Es sind jedoch gar nicht die Chinesen, die streiten, sondern ein Japaner und ein Algerier. Sie sind neu hier, ich kenne sie noch nicht.
Einer der Zeichner flüstert mir zu, dass der Algerier hinter dem Rücken des Japaners einem Kunden mit Gesten hat suggerieren wollen, dass die Zeichnung nichts taugt. Dass ein eifersüchtiger Zeichner auf diese Art einem anderen das Geschäft verdirbt, geschieht häufig.
Der Algerier geht auf den Japaner zu und gibt ihm eine deftige Ohrfeige.
Der Japaner, der nur halb so groß ist wie der Algerier, stürzt sich mit Kamikaze-Schreien auf ihn und beißt ihm in die Brust. Man hat Mühe, sie zu beruhigen. Der erschrockene Tourist ist schon verschwunden, auf dem Papier eine Zeichnung seines Kopfes ohne Mund. Die anderen Zeichner beschimpfen beide.
Die Mehrzahl der Zeichner hier hat keine Dokumente, und es ist gar nicht gut, die Aufmerksamkeit der Polizei auf sich zu ziehen.
Ich gehe an meinen Platz zurück und streife dabei Shota, der mit seiner Ziehharmonika in den Armen eingeschlafen ist. Ich bin absichtlich mit dem Fuß über ihn gestolpert, und als er aufspringt, lache ich und sage: »Excusez-moi.«
Er schaut mich nur an, reibt sich am Ohr und schläft wieder ein.
HALLO
FROM: [email protected]
Wie geht’s?
PS: Deine E-Mail-Adresse habe ich auf der Website des Kroatischen Schriftstellerverbandes gefunden.
Jemand hat sich vom Centre Pompidou gestürzt, man hört ihn aufklatschen und dann die Schreie der aufgeschreckten Touristen, zwischen die der Körper gefallen ist.
»Schrecklich«, sage ich und reibe mir die Augen, da ich gerade auf meinem ausgelegten Mantel eingeschlafen war.
Ich versuche nicht in die Richtung zu schauen, in der der Körper liegt – angeblich der einer Frau –, abgedeckt mit einem weißen Laken, das an einigen Stellen von Blut durchtränkt ist.
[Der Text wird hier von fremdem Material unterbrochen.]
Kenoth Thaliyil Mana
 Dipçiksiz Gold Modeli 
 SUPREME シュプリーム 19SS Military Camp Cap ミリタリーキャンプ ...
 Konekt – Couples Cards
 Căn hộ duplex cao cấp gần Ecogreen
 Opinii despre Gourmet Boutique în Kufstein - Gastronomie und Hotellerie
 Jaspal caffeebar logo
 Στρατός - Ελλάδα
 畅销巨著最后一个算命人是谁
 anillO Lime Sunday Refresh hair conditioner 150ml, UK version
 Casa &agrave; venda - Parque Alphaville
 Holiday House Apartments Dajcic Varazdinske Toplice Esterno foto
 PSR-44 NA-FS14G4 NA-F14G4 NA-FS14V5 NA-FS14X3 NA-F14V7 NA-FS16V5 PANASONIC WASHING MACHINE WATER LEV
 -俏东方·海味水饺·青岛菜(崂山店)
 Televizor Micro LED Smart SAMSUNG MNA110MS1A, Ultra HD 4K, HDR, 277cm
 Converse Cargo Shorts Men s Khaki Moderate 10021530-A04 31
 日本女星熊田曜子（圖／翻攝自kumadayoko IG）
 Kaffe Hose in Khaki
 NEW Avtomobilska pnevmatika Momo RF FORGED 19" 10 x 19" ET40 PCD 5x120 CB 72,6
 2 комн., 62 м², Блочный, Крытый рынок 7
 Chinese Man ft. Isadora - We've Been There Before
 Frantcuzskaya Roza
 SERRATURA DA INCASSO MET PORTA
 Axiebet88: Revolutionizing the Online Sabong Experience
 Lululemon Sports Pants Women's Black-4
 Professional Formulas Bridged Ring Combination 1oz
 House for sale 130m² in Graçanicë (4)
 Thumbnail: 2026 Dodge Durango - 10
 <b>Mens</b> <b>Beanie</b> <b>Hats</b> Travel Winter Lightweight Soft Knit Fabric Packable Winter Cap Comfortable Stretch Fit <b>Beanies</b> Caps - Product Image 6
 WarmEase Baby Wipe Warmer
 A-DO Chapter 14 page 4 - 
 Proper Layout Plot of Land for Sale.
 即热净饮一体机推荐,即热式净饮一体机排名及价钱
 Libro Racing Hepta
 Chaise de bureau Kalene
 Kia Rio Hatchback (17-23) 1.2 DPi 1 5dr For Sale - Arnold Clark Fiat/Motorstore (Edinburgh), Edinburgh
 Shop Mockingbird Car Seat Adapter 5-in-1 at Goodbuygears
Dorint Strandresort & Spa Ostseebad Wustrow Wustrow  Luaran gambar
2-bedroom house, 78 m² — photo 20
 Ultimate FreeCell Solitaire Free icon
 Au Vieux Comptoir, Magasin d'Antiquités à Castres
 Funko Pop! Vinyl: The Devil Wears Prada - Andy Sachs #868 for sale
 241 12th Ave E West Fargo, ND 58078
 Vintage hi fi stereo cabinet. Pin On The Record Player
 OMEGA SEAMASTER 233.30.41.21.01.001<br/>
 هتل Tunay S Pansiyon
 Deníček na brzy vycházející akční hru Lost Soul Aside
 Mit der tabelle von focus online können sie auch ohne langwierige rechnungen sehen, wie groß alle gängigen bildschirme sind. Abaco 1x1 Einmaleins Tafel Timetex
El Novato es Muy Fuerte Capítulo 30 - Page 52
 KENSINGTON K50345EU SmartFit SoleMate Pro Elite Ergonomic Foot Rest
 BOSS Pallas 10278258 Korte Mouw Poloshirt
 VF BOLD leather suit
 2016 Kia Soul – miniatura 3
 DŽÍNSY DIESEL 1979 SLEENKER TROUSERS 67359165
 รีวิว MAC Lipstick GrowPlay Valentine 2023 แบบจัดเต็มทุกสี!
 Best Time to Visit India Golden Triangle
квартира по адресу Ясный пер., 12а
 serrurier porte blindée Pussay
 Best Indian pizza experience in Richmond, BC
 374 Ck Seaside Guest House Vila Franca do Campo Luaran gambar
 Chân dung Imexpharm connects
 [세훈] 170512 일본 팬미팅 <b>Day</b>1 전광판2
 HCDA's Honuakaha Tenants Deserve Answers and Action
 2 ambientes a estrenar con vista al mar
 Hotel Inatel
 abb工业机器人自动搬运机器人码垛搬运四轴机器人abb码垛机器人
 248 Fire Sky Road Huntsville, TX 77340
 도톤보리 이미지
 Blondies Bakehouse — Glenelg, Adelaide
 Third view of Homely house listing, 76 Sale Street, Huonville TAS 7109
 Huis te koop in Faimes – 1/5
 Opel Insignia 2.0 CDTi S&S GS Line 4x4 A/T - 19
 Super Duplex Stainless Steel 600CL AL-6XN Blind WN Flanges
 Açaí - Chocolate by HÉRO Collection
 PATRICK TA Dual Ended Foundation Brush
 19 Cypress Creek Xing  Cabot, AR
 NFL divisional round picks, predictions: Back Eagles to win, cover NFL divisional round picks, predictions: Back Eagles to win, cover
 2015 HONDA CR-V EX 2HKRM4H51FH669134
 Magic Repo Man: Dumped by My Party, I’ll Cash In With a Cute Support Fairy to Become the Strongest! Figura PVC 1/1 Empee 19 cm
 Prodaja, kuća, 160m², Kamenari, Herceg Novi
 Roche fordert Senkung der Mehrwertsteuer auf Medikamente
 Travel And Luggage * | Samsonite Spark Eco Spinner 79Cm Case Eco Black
Es kommen Notarzt, Polizei und Feuerwehrleute, die mit einem Wasserstrahl den blutverschmierten Beton reinigen.
»Sie zahlen zehn Euro, schauen sich die Ausstellung an und schmeißen sich vom Dach«, sagt Coca-Cola und kaut weiter auf dem Kebab herum, das er gerade gekauft hat. »Vielleicht gefällt ihnen die Ausstellung nicht«, lacht er.
Dann sagt er mit ernster Stimme: »Hauptsache, sie springen mir nicht auf den Kopf, während ich arbeite.«
»Ich gehe zum Saint-Germain«, sagt Shota. »Heute kann ich nicht mehr spielen.«
Nachdem Shota gegangen ist, kommt Hristo und schnippelt mit einer glänzenden Schere durch die Luft.
Hristo fertigt in Paris Scherenschnitte an: Er zieht im Nu ein Stück schwarzes Papier aus dem Täschchen an seinem Gürtel und schneidet mit nur einigen wenigen gut bemessenen Bewegungen geschickt den Schatten eines Profils aus dem Papier.